# What's your preferred way to let the dog win?



## Emilio Rodriguez (Jan 16, 2009)

In bitework during development and scenario training, and you're trying to keep it real (working the dog with a lot of defense) and it's time to out the dog.. what is your preferred way for the decoy to behave to let the dog feel that it won and the fight is over?

With suit, sleeve and civil.


----------



## Kyle Sprag (Jan 10, 2008)

It is more clear for the dog to out if the decoy goes limp.


----------



## Michael Santana (Dec 31, 2007)

I think the first issue is the Defense. I wouldn't work a young dog in defense to develop drive. You can get the same or more working it in prey. While defense may work for some its a risk that I'm not willing to take on a younger dog. 

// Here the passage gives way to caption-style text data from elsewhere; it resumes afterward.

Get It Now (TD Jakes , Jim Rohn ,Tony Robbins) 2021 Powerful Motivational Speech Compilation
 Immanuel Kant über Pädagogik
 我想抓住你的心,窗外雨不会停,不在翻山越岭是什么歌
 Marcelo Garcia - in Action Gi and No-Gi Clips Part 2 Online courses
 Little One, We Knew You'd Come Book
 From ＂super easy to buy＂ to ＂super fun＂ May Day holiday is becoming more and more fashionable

As for winning, I like to slip the sleeve and or suit top completely off. If the dog is going to be a protection dog I would then (With a handler that I trust) have the handler hold him and I would go in to get the sleeve, wait till he barks and run away (never actually stealing it back). This should make the dog possesive of the sleeve or top just enough to help with his confidence and drive. The trick is knowing where to set the boundaries and teaching the dog that while it is the badest Mo*Fo* out there, it can't react without your aproval.


----------



## Emilio Rodriguez (Jan 16, 2009)

Thanks for your input guys. Please remember this is in the PPD section so defense work is a must. Please don't turn this into a discussion of whether defense is appropriate. Also bear in mind there is no "issue" nor is bite development necessarily being done with a young dog. My question is a general one.


----------



## Howard Knauf (May 10, 2008)

Generally...the decoy should go limp or pull against the bite to put the dog in prey (thus relieving stress) before either slipping the sleeve or the out command. Driving the decoy away is always a winner.


----------



## Matthew Grubb (Nov 16, 2007)

I’d have the decoy end up in some sort of prey oriented submissive position…. I’d come in and lift the dog off while whispering…. “gooooood packen” in his ears. Then I’d chase the decoy about 10 feet… have him re-agitate the dog… little more chase…. And then put the dog up after some play time with the handler.


----------



## Jeff Oehlsen (Apr 7, 2006)

Quote: Please remember this is in the PPD section so defense work is a must

According to who ??? If a dog bites you it hurts. What part of that do you not understand ??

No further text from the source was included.